1) You cannot make statements about "countries" vis-a-vis drugs unless all sports are state controlled. It only makes sense to judge the respective sports federation and other bodies. For example, in the US the various swimming authorities, both formal and informal, have been actively vocal against drugs in their sport. US Track and Field is a disagrace and varioius authorities, including the USOC must be held partly responsible. Also how can the USOC have Donald Fehr involved in their organization for so many yearS? My point is that making blanket statements about countries is fraught with error.

2) Is US swimming clean? Not even sure what that means. If you mean that there is widespread opposition to drug use and willingness to embrace legitimate testing absolutely. We're also fortunate to have prominent swimming community members speaking out against drug use. It is likely that any drug use by US swimmers is due to "rogue" swimmers or coaches.

Having said all of this I do believe that the vast majority of international swimmin federations are not only against drug use but more importantly are in favor of more stringent testing. Most of the disagreements appear to be howver the question of how fast to push the search for new drugs. At this point the best deterrent is a policy, yet to be adopted on a widespread basis, that samples will be kept for X years and will be tested retroactively for new drugs. Also like the idea of coming up with new drug tests that look further back and suprise testing or retro testing to catch those cheaters who attempt to "wash out" the drugs prior to big competition.

breastroker
August 19th, 2004, 10:06 AM
Lets start with all that is good
Kaitlin Sandeno easy on the eyes between her, Natalie and Amanda there is a lot of USA eye candy. But I am with Gareth, Kaitlin is a doll.

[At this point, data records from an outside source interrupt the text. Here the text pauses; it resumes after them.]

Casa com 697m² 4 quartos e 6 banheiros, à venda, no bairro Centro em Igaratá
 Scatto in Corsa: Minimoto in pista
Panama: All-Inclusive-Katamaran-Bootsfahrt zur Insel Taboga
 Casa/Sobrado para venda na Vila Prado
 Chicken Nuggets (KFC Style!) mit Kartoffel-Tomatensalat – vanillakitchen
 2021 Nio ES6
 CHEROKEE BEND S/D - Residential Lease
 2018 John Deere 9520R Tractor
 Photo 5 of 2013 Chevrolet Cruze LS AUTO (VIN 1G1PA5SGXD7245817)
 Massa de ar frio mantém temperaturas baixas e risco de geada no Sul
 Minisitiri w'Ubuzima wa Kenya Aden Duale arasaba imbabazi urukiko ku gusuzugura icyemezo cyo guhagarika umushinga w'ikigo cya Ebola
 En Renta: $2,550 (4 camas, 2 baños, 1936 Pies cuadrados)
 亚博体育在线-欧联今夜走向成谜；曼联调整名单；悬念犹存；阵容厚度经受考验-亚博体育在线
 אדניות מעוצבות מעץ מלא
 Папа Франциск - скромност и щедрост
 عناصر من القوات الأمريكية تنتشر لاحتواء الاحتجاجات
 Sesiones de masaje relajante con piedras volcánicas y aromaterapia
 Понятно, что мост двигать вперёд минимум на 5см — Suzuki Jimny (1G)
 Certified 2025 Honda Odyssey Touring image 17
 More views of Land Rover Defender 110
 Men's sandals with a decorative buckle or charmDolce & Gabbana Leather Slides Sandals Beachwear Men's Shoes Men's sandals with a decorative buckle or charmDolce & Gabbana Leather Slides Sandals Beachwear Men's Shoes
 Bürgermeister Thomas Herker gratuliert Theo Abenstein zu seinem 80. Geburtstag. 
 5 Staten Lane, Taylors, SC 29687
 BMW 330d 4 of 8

Compare her to the "spitting lady" of past olympics:D

At the last SPMA Long course meters championships, one of my competitors (at least he thinks he can compete) spit in my lane. I nearly cracked up! I then proceeded to beat him by 3-4 seconds in the 50 meters breast!

Actually I posted the comments about drug testing to stir the waters and was surprised that it did not get much flack immediately.I know a lot about the lack of effort by the USA drug people over the last 20 years. The people on top of the USA and the Olympic movements really do not want scandels, hence a Michelle Smith. You literally have to be foaming at the mouth like Ben Johnson to be caught.

Many of us "in the know" are really MAD AS HELL about the drug cheats, hence the Masters have been in thre front of the campaign to get stricter testing. Phill Whitten is a hero, standing up for dozens of years while the US Swimming heads said nothing.

About 10 years ago when the drugged up chinese women were destroying records, the US Masters swimmers performed on stage at the USAS convention. This includes US swimming, US Diving, US Synchronized swimming, US Water Polo, Masters Diving, Masters Water Polo.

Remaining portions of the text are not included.